Video: ESA Plans 3D-Printed Moon Base
December 12, 2014
As we told you earlier this year, the European Space Agency (ESA) has begun a program for designing a 3D printer that will work in space making metal components. But that's not all they're doing: as we reported then, the agency is also working with architects Foster + Partners to test the validity of using lunar soil and the enormous D-Shape 3D printer to make structures for use on the moon. Now there's a video showing animations of a hypothetical lunar mission that carries out this vision.
Architects have often used the D-Shape printer to make buildings from sand, combined with a binder. This approach to building is not unique. The Foster + Partners team are working on adapting the D-Shape to use lunar soil. 3D printing with lunar soil is also not a new idea, as we've reported. NASA's also working on that one to build space structures on the moon.

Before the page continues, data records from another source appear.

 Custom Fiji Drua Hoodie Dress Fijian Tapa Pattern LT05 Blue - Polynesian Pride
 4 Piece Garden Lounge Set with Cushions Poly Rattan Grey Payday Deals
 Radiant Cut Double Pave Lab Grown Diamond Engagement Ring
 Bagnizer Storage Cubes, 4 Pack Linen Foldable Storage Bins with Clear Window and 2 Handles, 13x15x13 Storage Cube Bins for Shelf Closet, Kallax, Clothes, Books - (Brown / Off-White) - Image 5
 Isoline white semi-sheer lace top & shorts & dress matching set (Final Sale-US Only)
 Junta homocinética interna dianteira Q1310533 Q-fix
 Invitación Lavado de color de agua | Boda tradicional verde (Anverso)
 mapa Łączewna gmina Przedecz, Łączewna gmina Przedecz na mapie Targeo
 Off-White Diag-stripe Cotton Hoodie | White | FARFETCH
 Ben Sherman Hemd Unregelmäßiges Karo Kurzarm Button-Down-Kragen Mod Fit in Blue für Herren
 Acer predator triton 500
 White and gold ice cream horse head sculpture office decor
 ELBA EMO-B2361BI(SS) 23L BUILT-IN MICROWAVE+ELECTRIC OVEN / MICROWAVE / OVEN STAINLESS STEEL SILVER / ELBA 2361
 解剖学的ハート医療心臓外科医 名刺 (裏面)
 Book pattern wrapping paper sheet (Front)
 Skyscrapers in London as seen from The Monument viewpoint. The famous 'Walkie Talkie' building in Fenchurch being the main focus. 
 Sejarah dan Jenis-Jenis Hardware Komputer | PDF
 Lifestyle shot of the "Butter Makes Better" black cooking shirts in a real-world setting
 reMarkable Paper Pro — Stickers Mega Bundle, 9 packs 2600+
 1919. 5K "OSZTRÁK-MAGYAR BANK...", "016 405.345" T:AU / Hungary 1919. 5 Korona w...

The D-Shape has already been used successfully to make large objects, so it's possible that the ESA/Foster + Partners project will come to reality first. In any case, the video has some cool animation graphics that show a hypothetical lunar lander that lands in the Moon's Shackleton Crater, where there's lots of light for solar power. Robots with attached 3D printers, which look like rovers a lot smaller than the D-Shape, construct an entire moon base out of lunar regolith, or moon rocks.
The base is first unfolded from a tubular module transported by the lander. An inflatable dome then extends from one end of this cylinder to provide a support structure for construction. Layers of lunar regolith, or moon rocks, are built up over the dome by a robot-operated 3D printer to create a shell, protecting the occupants against space radiation, temperature fluctuations, and meteorites. The process takes about three months, and the completed lunar base houses about four people. You can find out more about the project on ESA's project page.
At a recent ESA workshop, Additive Manufacturing for Space Applications, held at its ESTEC technical center in Noordwijk, the Netherlands, more than 350 European experts discussed a development roadmap for the technology, as well as common standards and verification methods for its future use.